> _Task to complete_
When you reproduce the listing, keep every word as it is and drop the pictures.

> _Dataset section_
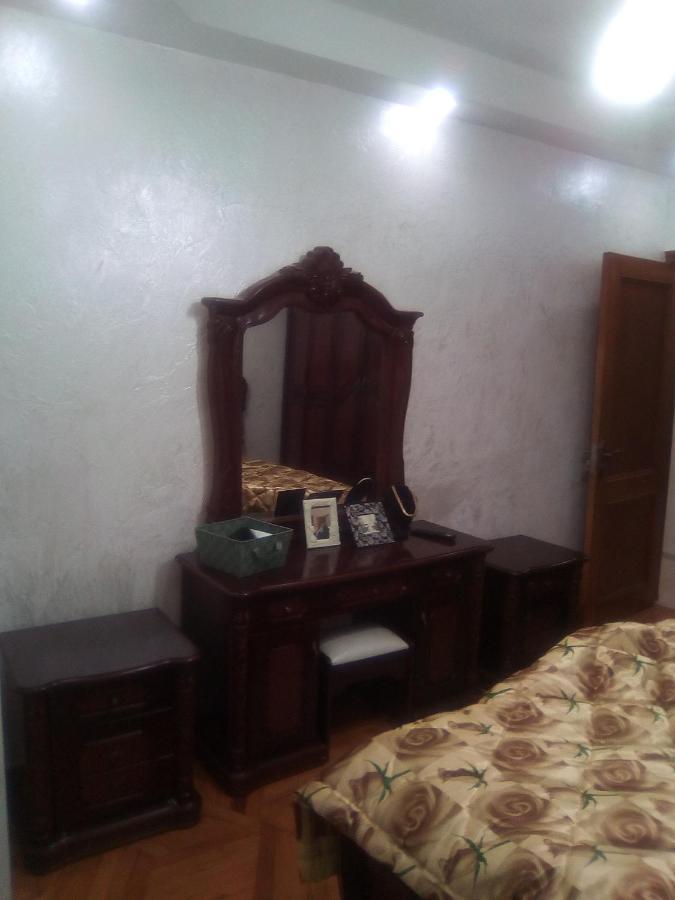 Apartment Ge Zvezda Batumi Ngoại thất bức ảnh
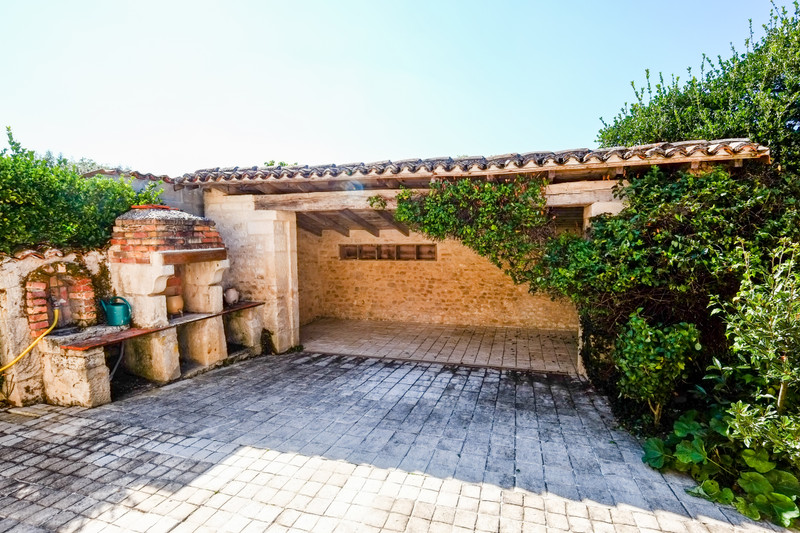 French property for sale in Saint-Martin-de-Juillers, Charente-Maritime - €350,000 - photo 2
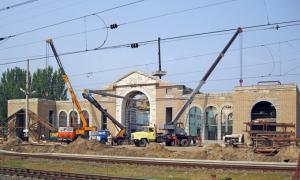 Залізниця злила приватній фірмі 24 мільйони на Краматорський вокзал, який ремонтують самі залізничники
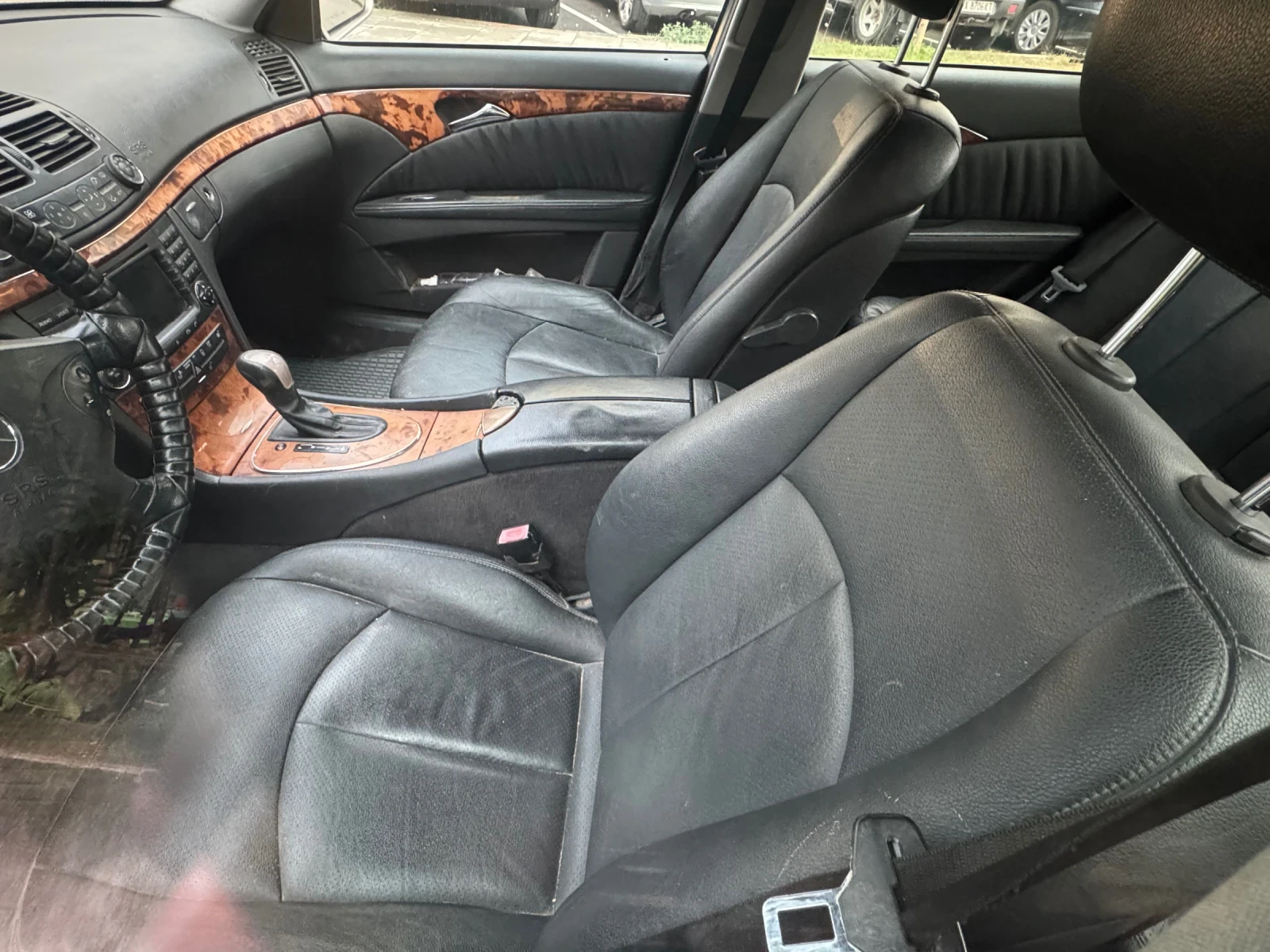 Mercedes-Benz E 220, снимка 4 - Автомобили и джипове - 56183486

> _Result of the exercise_
 Apartment Ge Zvezda Batumi Ngoại thất bức ảnh
 French property for sale in Saint-Martin-de-Juillers, Charente-Maritime - €350,000 - photo 2
 Залізниця злила приватній фірмі 24 мільйони на Краматорський вокзал, який ремонтують самі залізничники
 Mercedes-Benz E 220, снимка 4 - Автомобили и джипове - 56183486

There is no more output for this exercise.